実際にステンレスフレットを切っている訳ではないのですが、比較するまでもないでしょう。。
ニッケルシルバーでもない
だとしたら、やっぱりニッケルシルバーなのかなあ?色が違うけどなあ・・・
ということでニッケルシルバーか否かを確かめる実験をしてみます。
まず、そもそもニッケルシルバーとは何か?というと、銅と亜鉛とニッケルからなる合金であり「洋白」なんて呼ばれています。
色はやや黄みがかった白で上品な雰囲気をもっていて、フルートとかサックスなどもで使われているんですなあ。

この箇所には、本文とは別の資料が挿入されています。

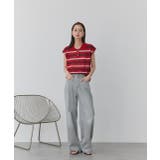 シアーフレンチスリーブボーダーポロトップス | ad thie | 詳細画像24 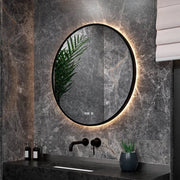 Miroir de salle de bain - Mirlux - avec éclairage LED et chauffage - anti-condensation - 60CM - Noir mat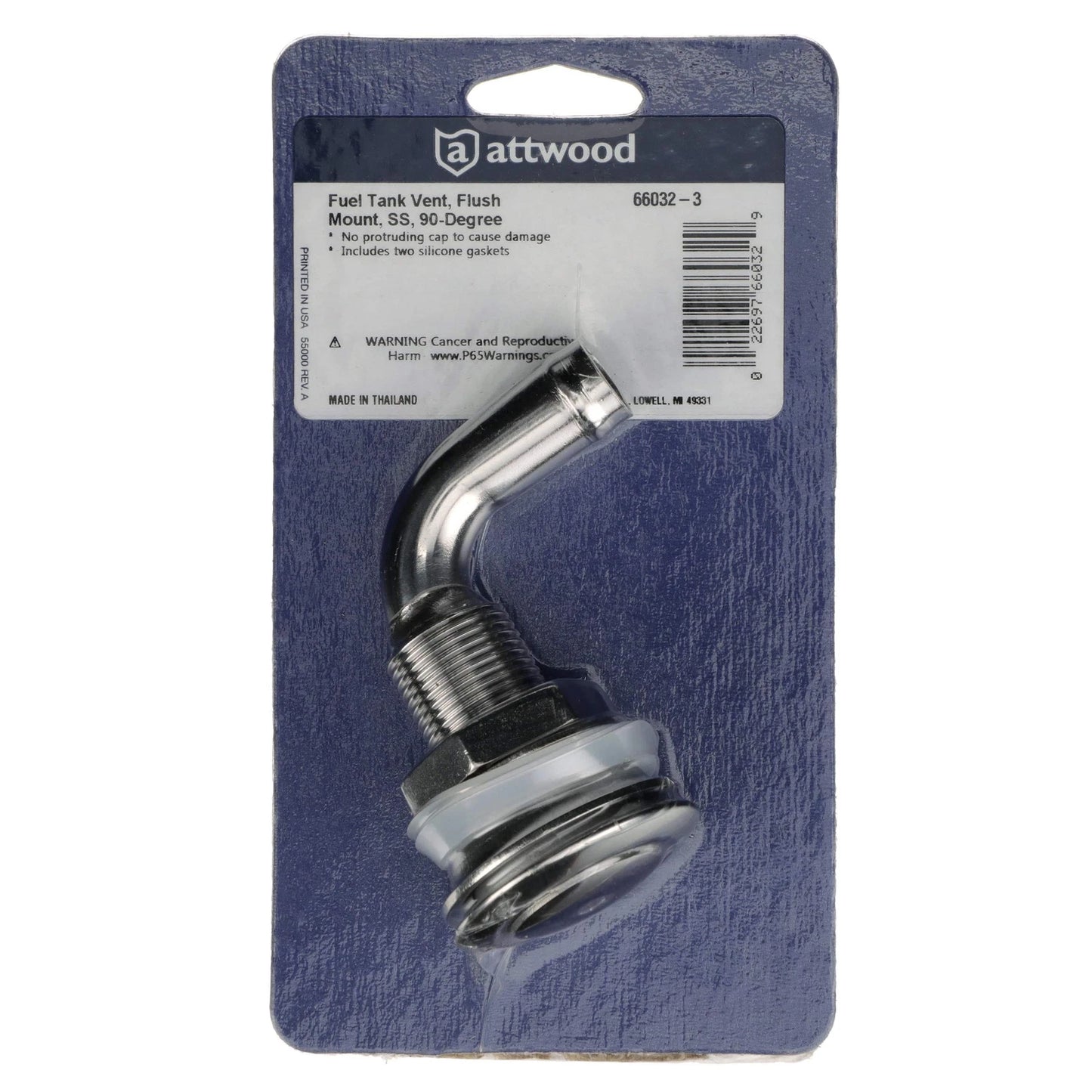 Attwood Enhanced 316 Stainless Steel Alloy Flush-Mount Fuel Vent, 3 1/4-Inch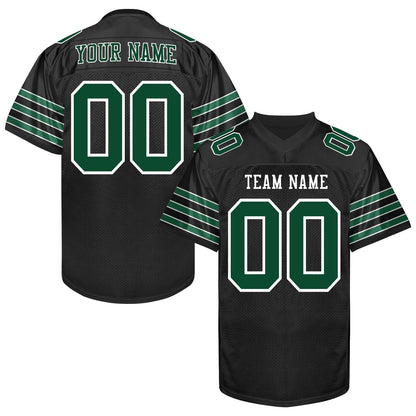 Custom Black and Green  Football Jersey Printed Name Number and Logo, Football Shirt Women Men Youth Kid, Sports Football Uniforms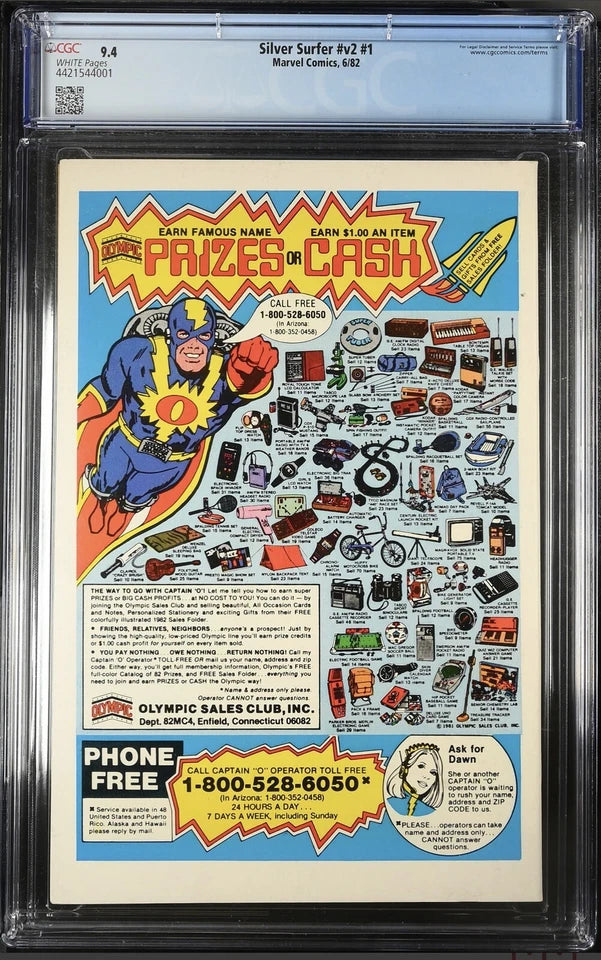 Marvel Silver Surfer #1 V2 CGC 9.4 1982 White Pages One shot Galactus FF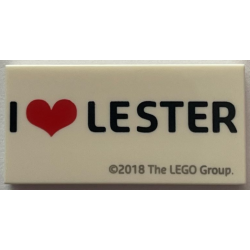 Tile 2 x 4 with 'I Heart LESTER' Pattern
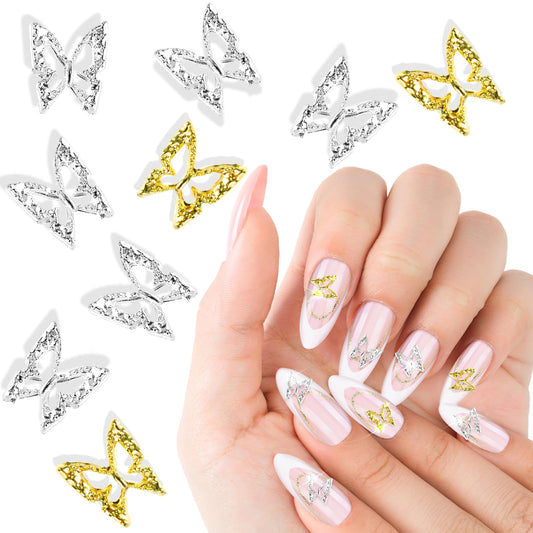 Lusofie 100 Pcs Butterfly Nail Charms 3D Nail Charms Butterflies Shape Nail Gems Butterfly Decorations for Women Girls DIY Nail Art Decoration Craft Jewelry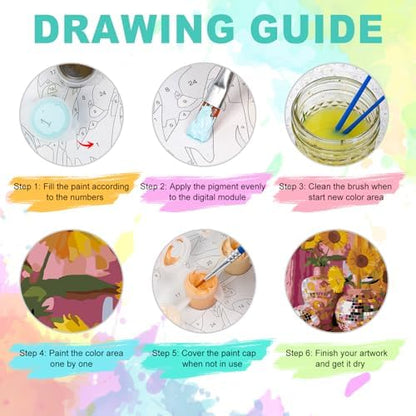 GEEHEIY Paint by Numbers Kit for Adults, Disco Sunflower Vase, 16 x 20 Inch - Image 5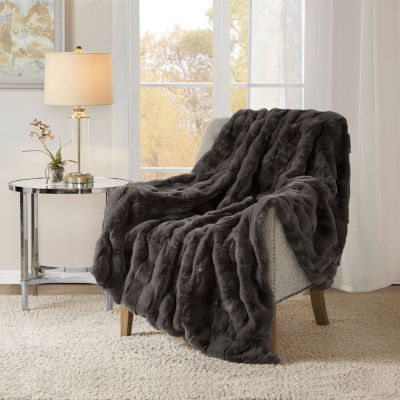 Madison Park Camille Faux Fur Washable Midweight Throw
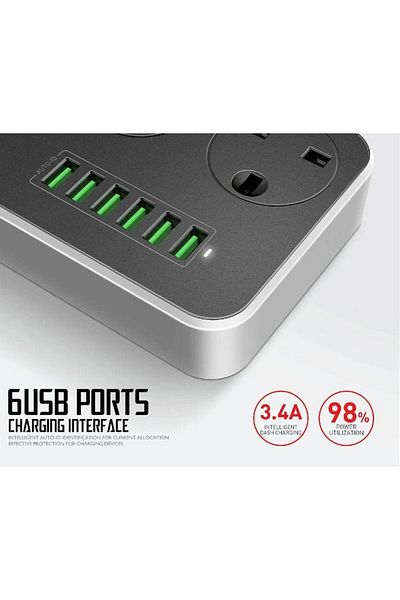 Foji 2M Universal Extension Lead | 3 UK Plug Outlets + 6 USB Charging Ports | Power Strip with Surge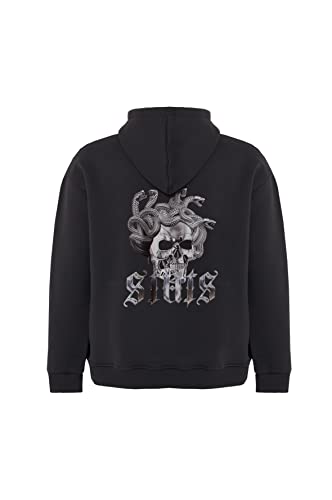 Medusa Fitted Oversized Heavy Men Hoodie, Kapuzenpullover mit Fronttasche, Dropped Shoulders Streetwear Hoodie, Baumwolle Premium Herren Pullover (M, Grau) von Stats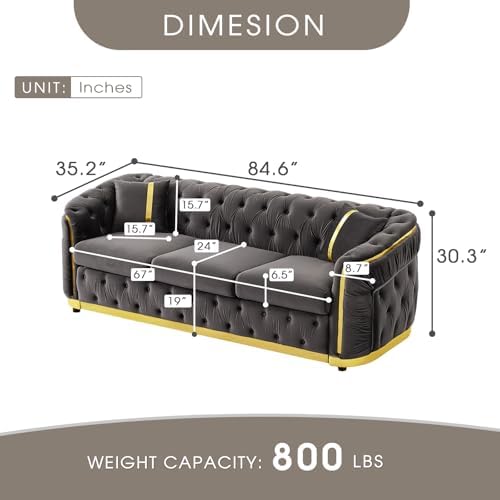 84.6" Mid Century Modern 3 Seater Chesterfield Sofa Couch - Image 2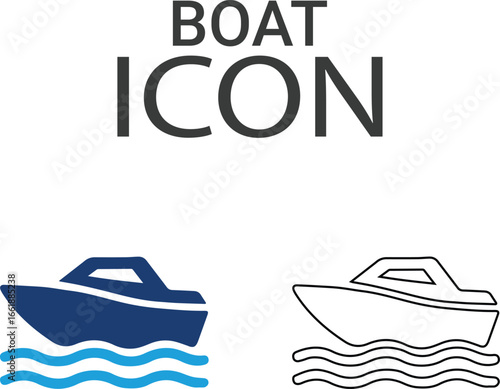 Boat icons, Line art icons design. Containing car, bike, plane, train, bicycle, motorbike, bus, and scooter icons. Solid icon collection.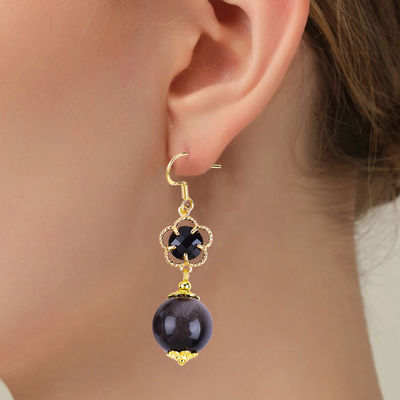Boucles d'oreilles en pierre de cristal faites à la main argent brillant obsidienne pierre précieuse perlé pendentif boucles d'oreilles de pierre de cristal guérisseur boucles d'oreilles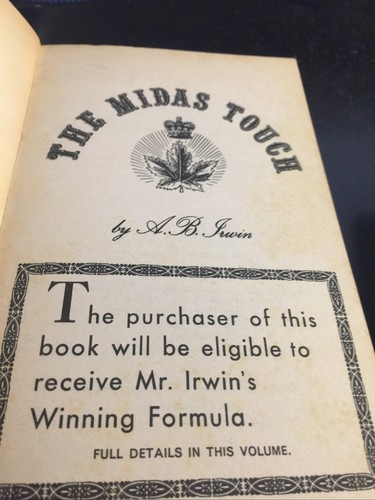 The Midas Touch by A. B. Irwin (First Edition) mint condition - Picture 3 of 4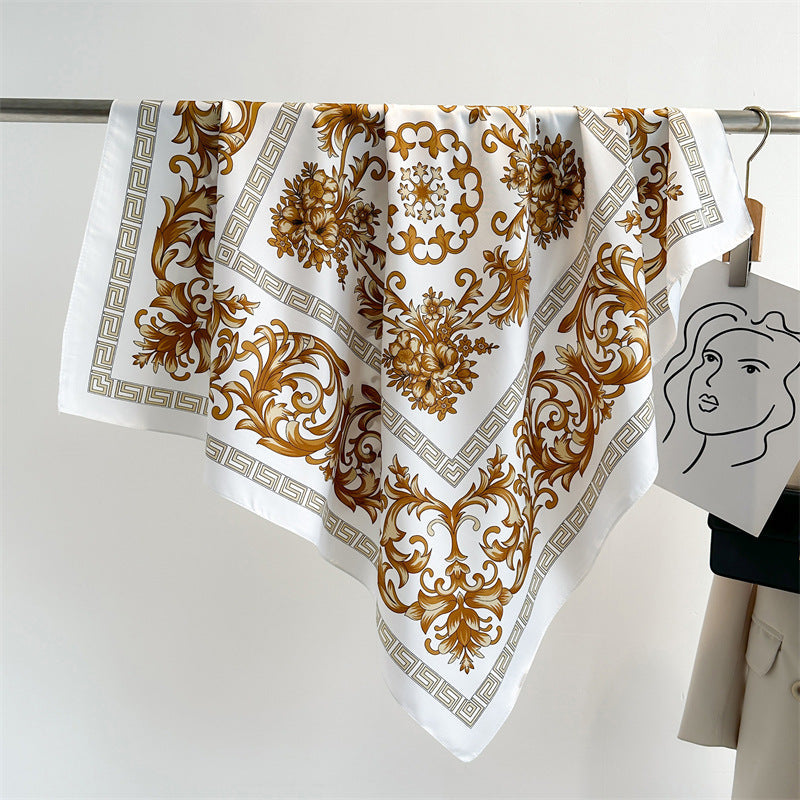 Women's Premium Twill Silk Scarf, Large Printed 90/90cm Striped Square Scarf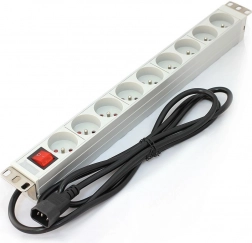 PDU multiprise pour rack 19", 9× prise Type E, câble 2 m C14, 10 A, interrupteur, aluminium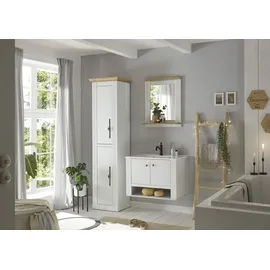 OTTO home Waschtisch WESTMINSTER, Waschbeckenunterschrank inkl. Waschbecken, Metallgriffe (1-St), in 2 Farben verfügbar, hängend, inkl. Waschbecken, Breite 80 cm weiß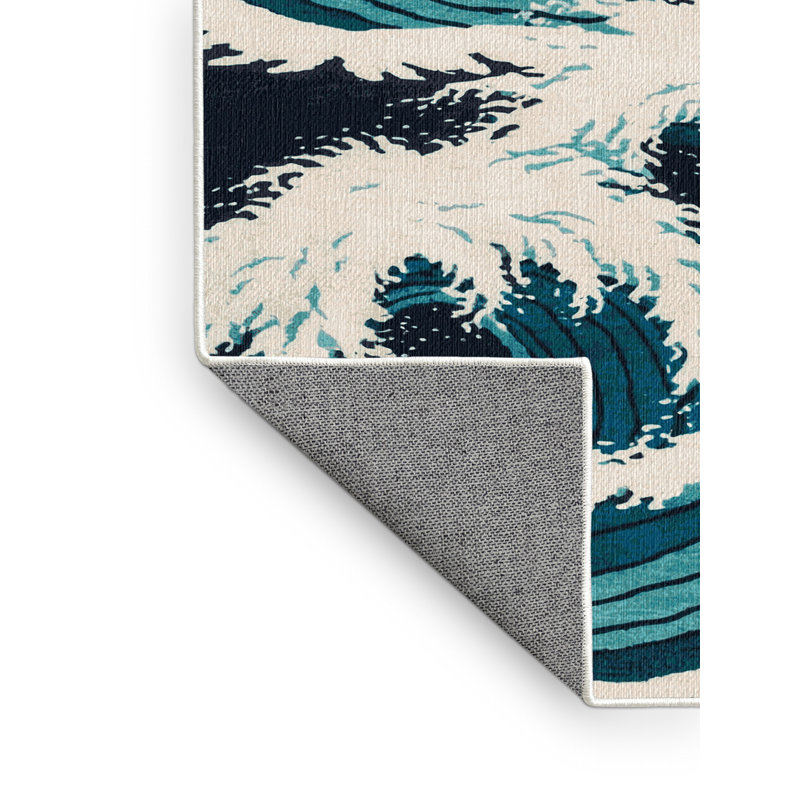  Tapis lavable hawaïen Breaking Waves, Rond 4 pi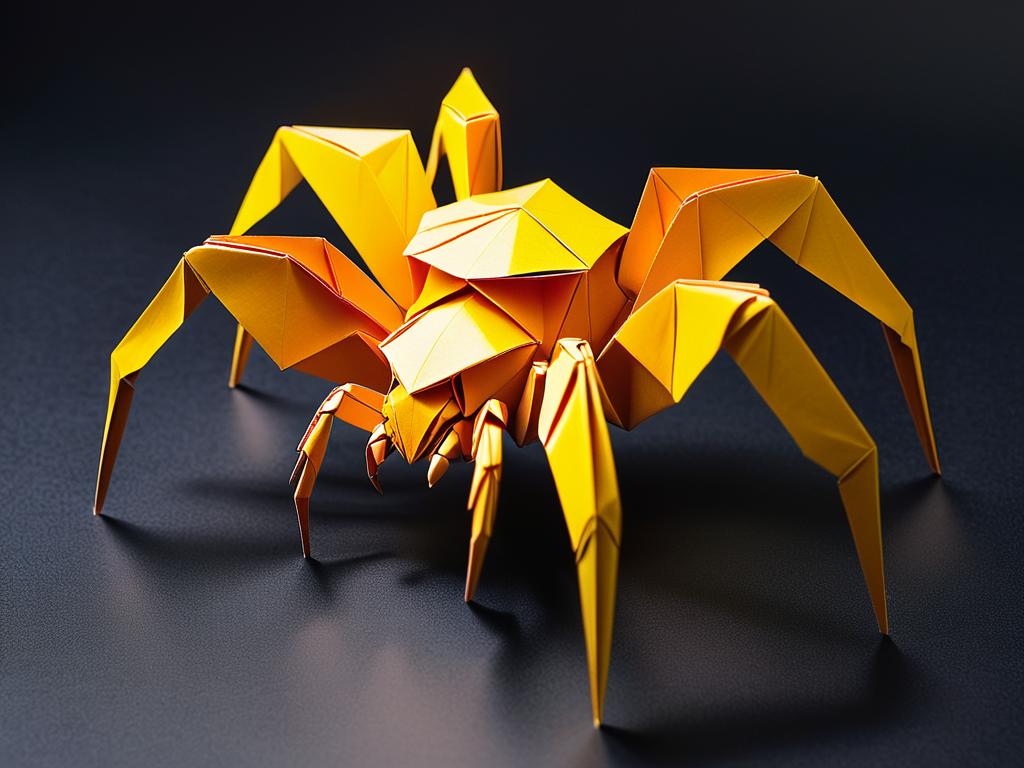 На фото представлена одна из сложных моделей оригами паука из статьи - Тарантул с объемным брюшком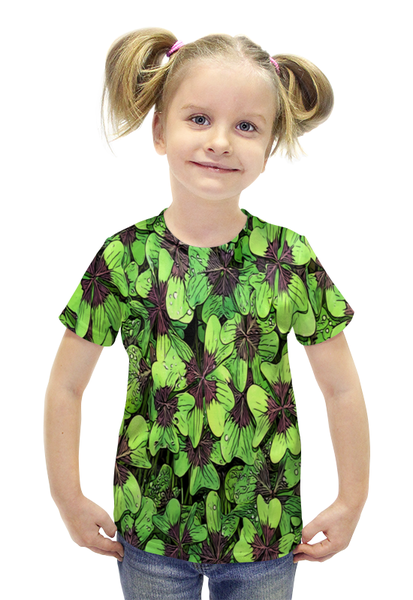 Заказать детскую футболку в Москве. Футболка с полной запечаткой для девочек Зеленые цветы от THE_NISE  - готовые дизайны и нанесение принтов.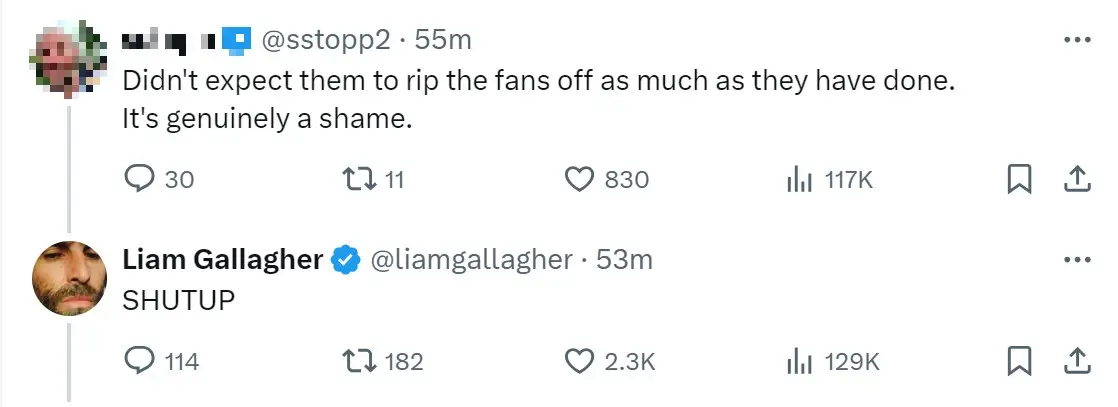 As you were (X/@liamgallagher)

で、Jascarやその他のフレットは、銅:62%、ニッケル:18%、亜鉛:20%という配合の合金らしい(洋白であるか否かはちゃんと配合の比率で決まっており、その範囲内という訳です)。
銅の配合比率が大きいから銅の色味があるんですなあ。
まあ、Jascarの色を見た段階で、謎フレットは違うというのがわかるんだが、念の為実験してみます。
家庭でも手に入る酢酸をかけてみますた。
数時間放置してみると・・・・
バッキバキに錆びてしもうた。
はい、これはJascarのフレットです!!(左のやつ)
どうも銅の成分が反応しているっぽい。
んで、謎フレットですが・・・
まったく変わらねえ。
これでわかるのは、どうやらニッケルシルバーとして定義されている合金の範囲内ではなさそうということですな。銅が入ってないのか、それとも配合の比率が違うのか。
一体何だよこの謎金属は・・・?
謎が深まるなあ。
金属の正体についての考察
ステンレスでもなく、ニッケルシルバーでもなさそう、この金属の正体は何なんだろうなあと思うわけですが、決め手はないのだが、なんとなく亜鉛かアルミのようではあります(少なくても磁石にはつかなかったので非金属ではあるようだ)。
直接的にこの説を証明するのではないのだが、ちょっとおもしろいデータがあるんです。
商社の(株)ミヤタさんのデータによると銅の値段は亜鉛やアルミの2倍以上のようなのだ。
ということは、コストカットを目的として
- 合金の配合割合が変えられている
- まったく別の金属が使われている
というのはあり得る話だ。
例えば、銅:10%、ニッケル:18%、亜鉛:72%とかねw
だって、Jascarのフレットって我々一般消費者が買うと普通に1セット2,000円~3,000円とかするわけで、仕入れ値だと多分1,000円~1,500円になるわけじゃないっすか。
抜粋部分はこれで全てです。